For this the Nazarenes promptly rejected Jesus. As far as we know Jesus never returned to Nazareth. Rejection of Jesus can be final. It is bad enough to be rejected. Sometimes it is even worse to know you are the one rejecting, because we find out too late who it is we've rejected.
Gary Inrig tells the story of parents on the east coast who got a telephone call from their son during the Korean War. They were thrilled because they hadn't heard from him for many months. He said he was in San Francisco on his way home.
"Mom, I just wanted to let you know I'm bringing a buddy home with me," he said. "He got hurt pretty bad, and he only has one eye, one arm, and one leg. I'd sure like him to live with us."
"Sure, Son," his mom said. "He sounds like a brave man. We can find room for him for a while."
"Mom, you don't understand. I want him to come live with us."
"Well, OK," she finally said. "We could try it for six months or so."
"No, Mom, I want him to stay permanently. He needs us. He's only got one eye, one arm, and one leg. He's really in bad shape."
By now his mother had lost her patience. "Son, you're being unrealistic about this. You're emotional because you've been in a war. That boy will be a drag on you and be a constant problem for all of us. Be reasonable."
"OK, Mom, I'll try."
A couple of days later the parents got a telegram: Their son had committed suicide. A week later the parents received the body. They looked down with unspeakable sorrow on the corpse of their son -- who had one eye, one arm and one leg. They had rejected the one they loved and the one who had loved them. Their rejection had been final.

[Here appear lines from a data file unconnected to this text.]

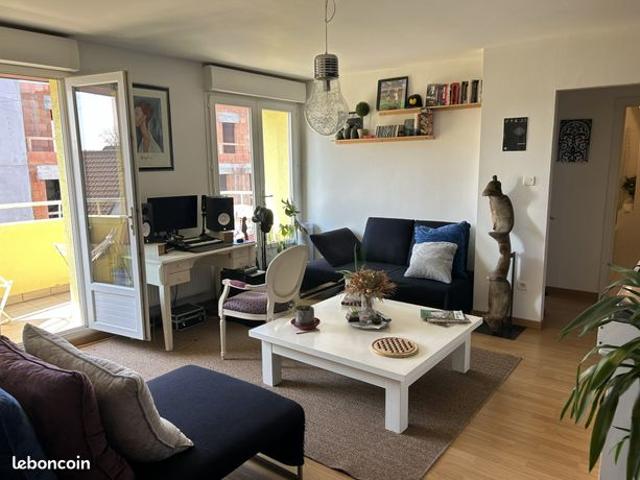 Appartement vente à Strasbourg, Hoenheim
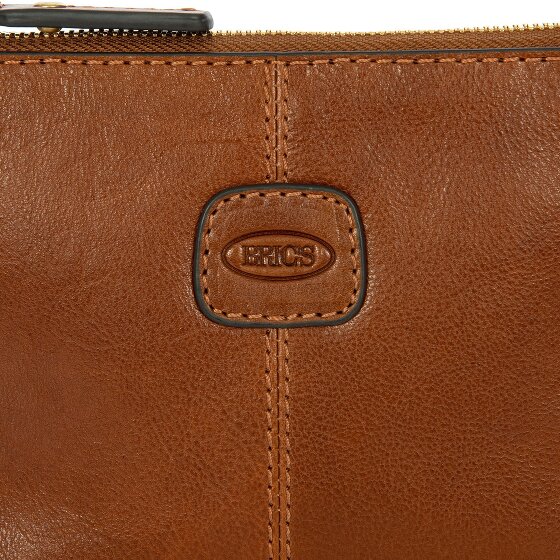 Bric's Volterra Pochette Pelle 18 cm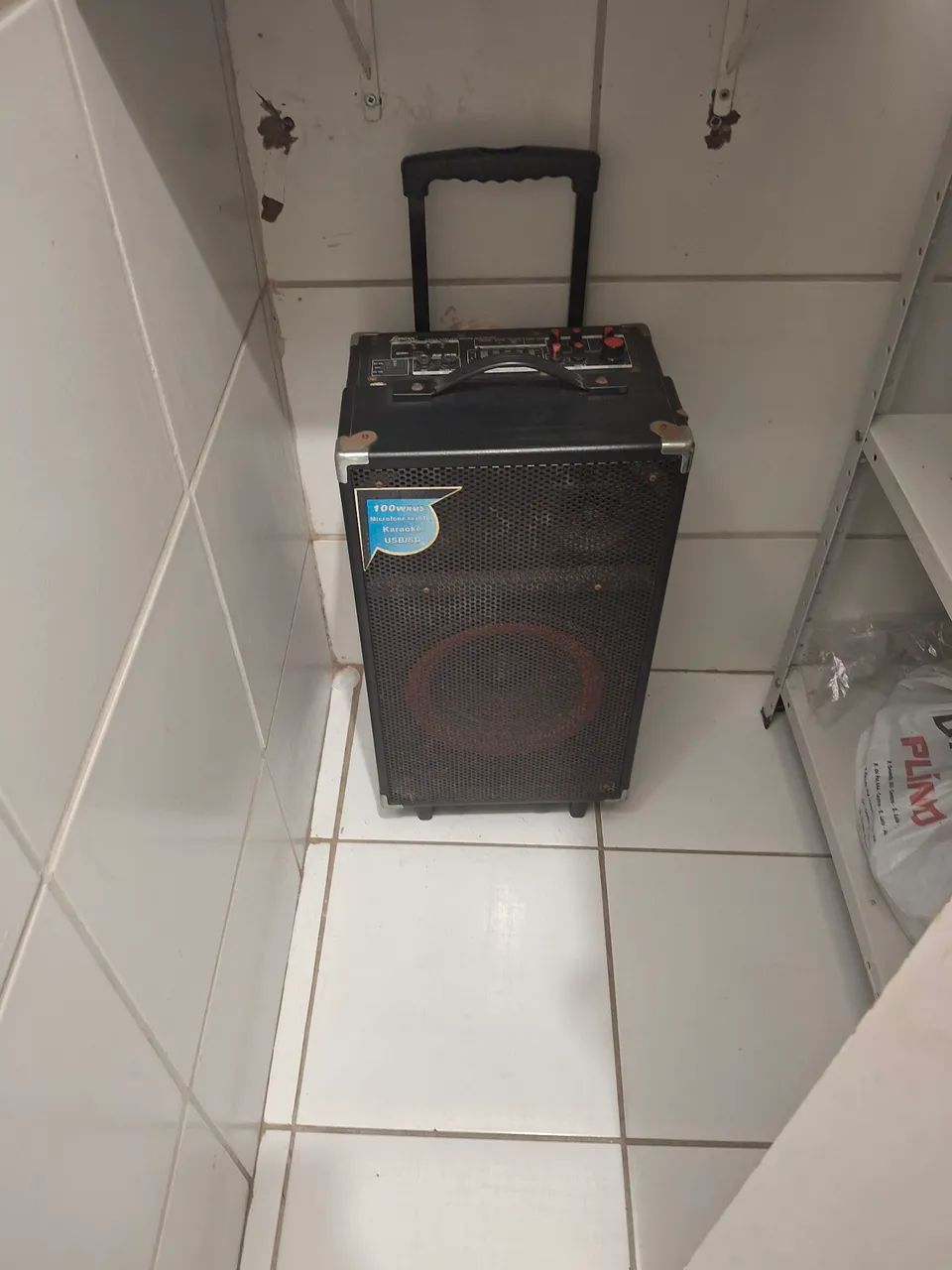 Vendo caixa de som - Foto 4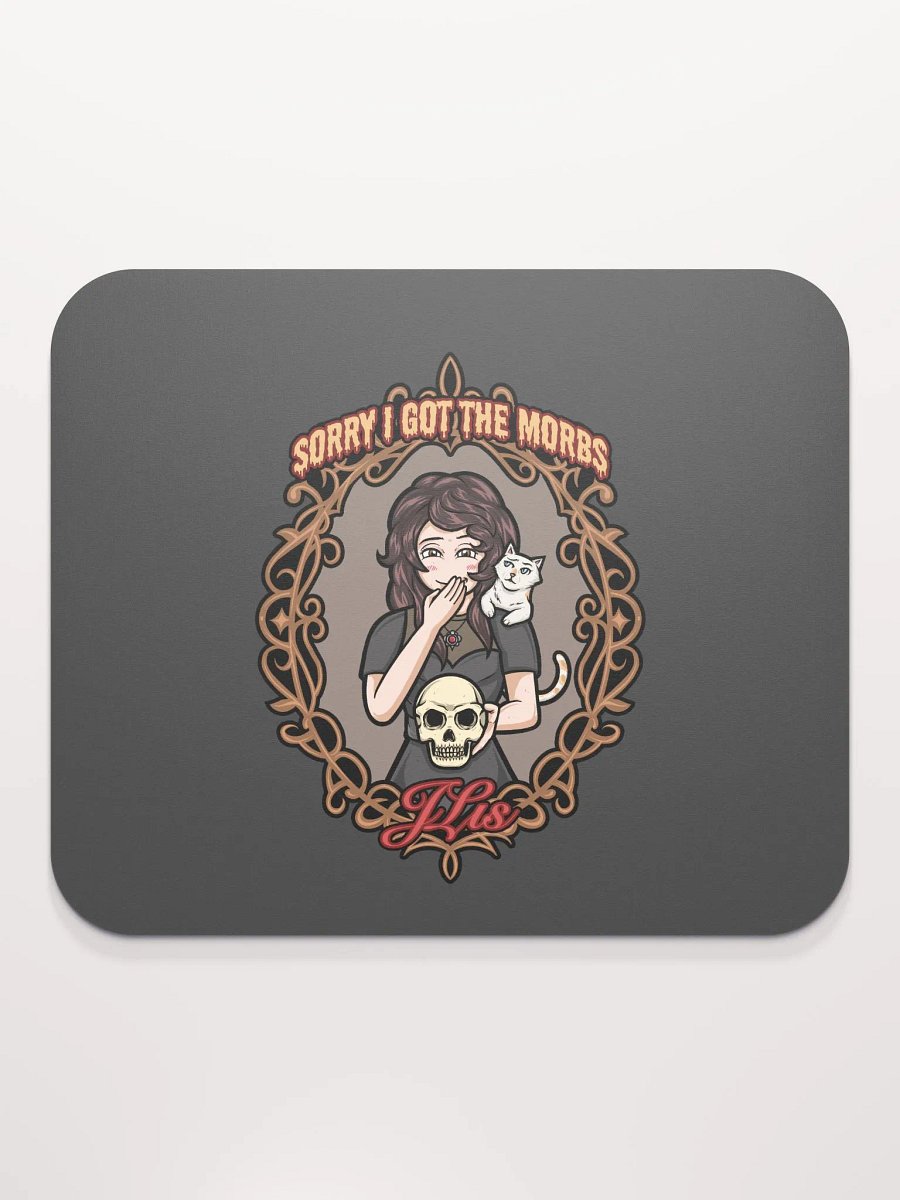Got the Morbs - Mouse Pad product image (2)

The Nazarenes thought Jesus would be too big a problem, and in rejecting Him, they rejected the loving heart of God. The God who would've given them victory in place of impotence, given them release from a sin tangled life, given them insight for ignorance and given them healing for brokenness.
This is why Jesus has come. His birth was the beginning of this all-important mission. For that reason it is well worth celebrating. But we must do more than celebrate the beginning. You and I are invited to participate in the whole process by opening our hearts to the Lordship of Jesus. If the baby born in a barn is the Lord of your life, you can celebrate victory, release, insight and healing of spiritual brokenness. It is a choice between acceptance and rejection.